While uncharacteristically warm weather boosted retail footfall in June, there is no avoiding the fact that the outlook for Britain’s retail industry is not too healthy—hurtling towards a third quarter of decline. That’s not to say consumers aren’t spending. Last year, Visa Europe found that people were spending more on eating out, days out, and holidays than shopping on high streets. The rise of the “experience economy” is a well-known post-recession phenomenon, but it’s one that retailers have yet to fully capitalise on.
It is quite clear that consumers are no longer satisfied with the traditional retail experience. Shoppers want so much more than to be simply served—they want the physical experience to fit seamlessly with the digital and feel that their lives have been enhanced. To compete with the outdoor, leisure, and social activities that consumers are flocking to, retailers must provide them with an engaging in-store experience that goes beyond offering enthusiastic customer service and well-organised shopping aisles.
Bringing immersive, disruptive technologies—virtual reality (VR) and augmented reality (AR)—into stores has been tipped as a way for retailers to tap into the “experience economy” trend. Nearly a third of consumers believe retailers should invest more into adding augmented and virtual reality capabilities to their apps. However, as retailers strive for engagement, before investing heavily in leading-edge technology, they must determine whether the technology is right for them, and establish how to avoid the all-too-common pitfalls that can prevent it from being deployed to its greatest effect.
Experimenting With VR And AR
The ways that VR and AR aim to alter perceptions of reality to create an immersive experience are different and enhance the retail experience in distinct ways.
VR’s use of headsets aims to eliminate other stimuli, with the visor and the use of headphones to control auditory outputs creating a digitalised world that is eerily real. IKEA launched its own virtual store, which enabled customers to visualise a new kitchen in their home. M&S was an early adopter of VR, deploying the technology to create pop-up virtual reality showrooms as part of the launch of its homewares range.
Where VR aims to transport you to another reality, AR enhances real-life surroundings. Tesco used AR technology to allow customers to visualise key products within the comfort of their homes with an augmented version of its Home Book catalogue. Apple’s upcoming ARKit platform, set to be rolled out later this year with the new iPhone, means that the opportunities for retailers are only going to become broader.

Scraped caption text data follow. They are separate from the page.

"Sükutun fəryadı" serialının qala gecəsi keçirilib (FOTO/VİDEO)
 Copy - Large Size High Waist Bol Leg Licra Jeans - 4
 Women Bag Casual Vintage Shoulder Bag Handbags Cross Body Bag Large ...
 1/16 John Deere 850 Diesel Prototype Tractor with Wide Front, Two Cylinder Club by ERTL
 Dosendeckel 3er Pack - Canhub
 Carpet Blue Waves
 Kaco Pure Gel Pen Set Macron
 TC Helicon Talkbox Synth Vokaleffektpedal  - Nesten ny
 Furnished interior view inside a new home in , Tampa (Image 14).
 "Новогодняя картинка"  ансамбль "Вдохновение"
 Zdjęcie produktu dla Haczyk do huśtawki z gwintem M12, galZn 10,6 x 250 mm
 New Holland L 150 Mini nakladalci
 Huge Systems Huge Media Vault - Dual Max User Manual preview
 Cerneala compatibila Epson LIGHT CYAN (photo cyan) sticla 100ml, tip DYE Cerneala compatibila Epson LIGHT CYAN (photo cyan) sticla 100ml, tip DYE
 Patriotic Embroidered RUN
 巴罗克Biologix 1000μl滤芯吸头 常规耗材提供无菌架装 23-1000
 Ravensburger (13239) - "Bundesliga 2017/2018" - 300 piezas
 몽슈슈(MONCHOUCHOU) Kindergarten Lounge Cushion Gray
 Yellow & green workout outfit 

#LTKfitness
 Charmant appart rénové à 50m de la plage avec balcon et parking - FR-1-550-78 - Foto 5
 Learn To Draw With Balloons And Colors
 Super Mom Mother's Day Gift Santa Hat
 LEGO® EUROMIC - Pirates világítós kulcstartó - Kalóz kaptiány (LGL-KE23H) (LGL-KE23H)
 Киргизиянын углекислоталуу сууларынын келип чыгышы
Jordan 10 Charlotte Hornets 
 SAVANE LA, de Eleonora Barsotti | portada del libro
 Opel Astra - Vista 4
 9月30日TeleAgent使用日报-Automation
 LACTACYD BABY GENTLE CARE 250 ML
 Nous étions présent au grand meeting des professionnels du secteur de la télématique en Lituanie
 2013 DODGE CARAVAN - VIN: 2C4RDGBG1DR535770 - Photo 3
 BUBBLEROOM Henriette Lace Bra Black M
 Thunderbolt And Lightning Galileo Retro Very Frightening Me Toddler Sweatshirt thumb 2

Is It Worth The Investment?
While these examples demonstrate the exciting ways that retailers are already using VR and AR to enhance the shopping experience, they do not tell retail marketers what they want to know—is it worth the investment? Deploying VR and AR technology seamlessly into the shopping experience, across potentially hundreds of retail stores, and training staff requires significant input. Proper planning is crucial to the long-term success of AR/VR in retail.
This is where behavioural science comes in as a key tool for marketers. It is important to remember that despite the proliferation of technology and the impact this has had on consumer behaviour, the mental process shoppers use to make decisions remains unchanged.
Heuristics are the hardwired shortcuts all consumers use to make decisions, and the basis for behavioural science. There are 128 in total, and we have identified the nine that are most relevant to making purchase decisions. These “sales triggers” form a framework that makes behavioural science accessible and useable for retail marketers, helping to shape their strategies and inform marketing activity. Using this approach will help marketers determine the best deployment of VR/AR activity to enhance the customer experience.
When thinking about VR and AR, retailers could consider the value of ownership—one of the sales triggers. Ahead of the point of sale, consumers like to feel like they have some level of ownership without having to commit too much money or effort—it’s the classic sampling trick. VR and AR technology can enable consumers to try products before they buy.
Enhance The Bottom Line
VR can benefit a business’s bottom line too. Topshop’s use of VR technology enabled customers to select a garment off the rack and see it on themselves without trying it physically, creating an immersive shopping experience where customers could try a product they might eventually be enticed to buy.
However, it is vital that retailers remember that shoppers still like human contact, and our experience has shown that, without properly trained store staff or in-store promoters leading consumers to use the tech, it simply isn’t effective leaving headsets by the wayside. The investment must be made to ensure staff are as committed to the technology as the retailer is.
When deciding whether VR or AR is worth the investment, it is important that retailers have considered the role of their store in the purchase process and, in particular, the type of products they intend to enhance with AR or VR activity. This insight will allow retailers to develop a measured strategy for implementing VR and AR technology in a way that creates an exciting retail experience, not only increasing footfall but crucially driving more sales.